> **Provided data**
* * * * *
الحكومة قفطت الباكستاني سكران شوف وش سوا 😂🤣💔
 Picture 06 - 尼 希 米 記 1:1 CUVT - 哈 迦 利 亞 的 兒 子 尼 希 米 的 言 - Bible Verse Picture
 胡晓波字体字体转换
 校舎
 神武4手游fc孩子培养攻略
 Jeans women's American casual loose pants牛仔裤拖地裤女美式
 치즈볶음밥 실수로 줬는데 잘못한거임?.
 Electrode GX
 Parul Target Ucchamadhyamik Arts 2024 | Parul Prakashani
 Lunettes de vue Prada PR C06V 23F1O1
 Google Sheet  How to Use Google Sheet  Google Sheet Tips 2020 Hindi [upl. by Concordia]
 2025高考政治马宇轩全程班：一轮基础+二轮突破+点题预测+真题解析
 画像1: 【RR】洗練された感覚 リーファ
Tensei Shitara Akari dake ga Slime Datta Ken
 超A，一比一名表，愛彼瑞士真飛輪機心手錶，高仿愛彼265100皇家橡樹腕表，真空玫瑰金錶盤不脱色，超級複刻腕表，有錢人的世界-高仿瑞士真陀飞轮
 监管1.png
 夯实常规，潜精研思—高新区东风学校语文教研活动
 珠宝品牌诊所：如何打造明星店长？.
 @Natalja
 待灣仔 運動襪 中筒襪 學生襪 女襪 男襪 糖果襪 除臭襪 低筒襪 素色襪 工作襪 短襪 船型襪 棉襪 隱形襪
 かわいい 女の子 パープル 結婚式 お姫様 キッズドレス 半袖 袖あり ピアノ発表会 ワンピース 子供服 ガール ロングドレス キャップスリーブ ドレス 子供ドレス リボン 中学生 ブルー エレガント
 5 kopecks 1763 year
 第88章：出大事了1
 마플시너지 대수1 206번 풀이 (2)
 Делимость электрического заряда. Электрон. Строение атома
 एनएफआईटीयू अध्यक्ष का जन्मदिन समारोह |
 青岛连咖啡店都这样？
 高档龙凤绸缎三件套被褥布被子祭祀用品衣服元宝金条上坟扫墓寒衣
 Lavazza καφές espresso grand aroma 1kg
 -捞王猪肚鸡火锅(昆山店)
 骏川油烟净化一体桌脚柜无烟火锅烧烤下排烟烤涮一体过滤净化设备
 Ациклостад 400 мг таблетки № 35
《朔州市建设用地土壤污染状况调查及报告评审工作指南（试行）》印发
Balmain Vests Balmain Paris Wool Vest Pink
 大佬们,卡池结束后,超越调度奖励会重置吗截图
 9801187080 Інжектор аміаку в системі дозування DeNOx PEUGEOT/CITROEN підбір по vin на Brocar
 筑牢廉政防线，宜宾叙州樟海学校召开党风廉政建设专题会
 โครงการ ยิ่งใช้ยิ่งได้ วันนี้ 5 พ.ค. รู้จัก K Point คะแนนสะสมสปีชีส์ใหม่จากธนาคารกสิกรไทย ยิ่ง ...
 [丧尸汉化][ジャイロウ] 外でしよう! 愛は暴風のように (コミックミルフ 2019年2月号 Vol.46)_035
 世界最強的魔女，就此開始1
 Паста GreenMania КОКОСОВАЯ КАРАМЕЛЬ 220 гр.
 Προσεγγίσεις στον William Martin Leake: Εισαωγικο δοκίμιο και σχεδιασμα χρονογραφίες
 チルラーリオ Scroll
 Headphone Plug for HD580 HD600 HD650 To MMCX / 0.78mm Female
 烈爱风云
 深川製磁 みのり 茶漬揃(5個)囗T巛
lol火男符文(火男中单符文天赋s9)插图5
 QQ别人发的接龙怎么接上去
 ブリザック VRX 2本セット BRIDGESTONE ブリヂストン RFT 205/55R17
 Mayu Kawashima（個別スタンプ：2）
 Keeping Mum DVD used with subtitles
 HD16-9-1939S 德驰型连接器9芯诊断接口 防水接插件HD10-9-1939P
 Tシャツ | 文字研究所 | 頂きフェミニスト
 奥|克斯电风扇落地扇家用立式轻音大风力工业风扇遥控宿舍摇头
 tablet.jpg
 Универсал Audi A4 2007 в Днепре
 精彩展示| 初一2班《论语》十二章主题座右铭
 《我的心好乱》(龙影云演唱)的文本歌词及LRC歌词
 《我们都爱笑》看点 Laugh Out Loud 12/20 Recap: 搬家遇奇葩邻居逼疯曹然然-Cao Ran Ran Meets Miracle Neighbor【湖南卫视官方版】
* * * * *
> **About this task**
Print every line of the material above exactly.

> **Answer below**
الحكومة قفطت الباكستاني سكران شوف وش سوا 😂🤣💔
 Picture 06 - 尼 希 米 記 1:1 CUVT - 哈 迦 利 亞 的 兒 子 尼 希 米 的 言 - Bible Verse Picture
 胡晓波字体字体转换
 校舎
 神武4手游fc孩子培养攻略
 Jeans women's American casual loose pants牛仔裤拖地裤女美式
 치즈볶음밥 실수로 줬는데 잘못한거임?.
 Electrode GX
 Parul Target Ucchamadhyamik Arts 2024 | Parul Prakashani
 Lunettes de vue Prada PR C06V 23F1O1
 Google Sheet  How to Use Google Sheet  Google Sheet Tips 2020 Hindi [upl. by Concordia]
 2025高考政治马宇轩全程班：一轮基础+二轮突破+点题预测+真题解析
 画像1: 【RR】洗練された感覚 リーファ
Tensei Shitara Akari dake ga Slime Datta Ken
 超A，一比一名表，愛彼瑞士真飛輪機心手錶，高仿愛彼265100皇家橡樹腕表，真空玫瑰金錶盤不脱色，超級複刻腕表，有錢人的世界-高仿瑞士真陀飞轮
 监管1.png
 夯实常规，潜精研思—高新区东风学校语文教研活动
 珠宝品牌诊所：如何打造明星店长？.
 @Natalja
 待灣仔 運動襪 中筒襪 學生襪 女襪 男襪 糖果襪 除臭襪 低筒襪 素色襪 工作襪 短襪 船型襪 棉襪 隱形襪
 かわいい 女の子 パープル 結婚式 お姫様 キッズドレス 半袖 袖あり ピアノ発表会 ワンピース 子供服 ガール ロングドレス キャップスリーブ ドレス 子供ドレス リボン 中学生 ブルー エレガント
 5 kopecks 1763 year
 第88章：出大事了1
 마플시너지 대수1 206번 풀이 (2)
 Делимость электрического заряда. Электрон. Строение атома
 एनएफआईटीयू अध्यक्ष का जन्मदिन समारोह |
 青岛连咖啡店都这样？
 高档龙凤绸缎三件套被褥布被子祭祀用品衣服元宝金条上坟扫墓寒衣
 Lavazza καφές espresso grand aroma 1kg
 -捞王猪肚鸡火锅(昆山店)
 骏川油烟净化一体桌脚柜无烟火锅烧烤下排烟烤涮一体过滤净化设备
 Ациклостад 400 мг таблетки № 35
《朔州市建设用地土壤污染状况调查及报告评审工作指南（试行）》印发
Balmain Vests Balmain Paris Wool Vest Pink
 大佬们,卡池结束后,超越调度奖励会重置吗截图
 9801187080 Інжектор аміаку в системі дозування DeNOx PEUGEOT/CITROEN підбір по vin на Brocar
 筑牢廉政防线，宜宾叙州樟海学校召开党风廉政建设专题会
 โครงการ ยิ่งใช้ยิ่งได้ วันนี้ 5 พ.ค. รู้จัก K Point คะแนนสะสมสปีชีส์ใหม่จากธนาคารกสิกรไทย ยิ่ง ...
 [丧尸汉化][ジャイロウ] 外でしよう! 愛は暴風のように (コミックミルフ 2019年2月号 Vol.46)_035
 世界最強的魔女，就此開始1
 Паста GreenMania КОКОСОВАЯ КАРАМЕЛЬ 220 гр.
 Προσεγγίσεις στον William Martin Leake: Εισαωγικο δοκίμιο και σχεδιασμα χρονογραφίες
 チルラーリオ Scroll
 Headphone Plug for HD580 HD600 HD650 To MMCX / 0.78mm Female
 烈爱风云
 深川製磁 みのり 茶漬揃(5個)囗T巛
lol火男符文(火男中单符文天赋s9)插图5
 QQ别人发的接龙怎么接上去
 ブリザック VRX 2本セット BRIDGESTONE ブリヂストン RFT 205/55R17
 Mayu Kawashima（個別スタンプ：2）
 Keeping Mum DVD used with subtitles
 HD16-9-1939S 德驰型连接器9芯诊断接口 防水接插件HD10-9-1939P
 Tシャツ | 文字研究所 | 頂きフェミニスト
 奥|克斯电风扇落地扇家用立式轻音大风力工业风扇遥控宿舍摇头
 tablet.jpg
 Универсал Audi A4 2007 в Днепре
 精彩展示| 初一2班《论语》十二章主题座右铭
 《我的心好乱》(龙影云演唱)的文本歌词及LRC歌词
 《我们都爱笑》看点 Laugh Out Loud 12/20 Recap: 搬家遇奇葩邻居逼疯曹然然-Cao Ran Ran Meets Miracle Neighbor【湖南卫视官方版】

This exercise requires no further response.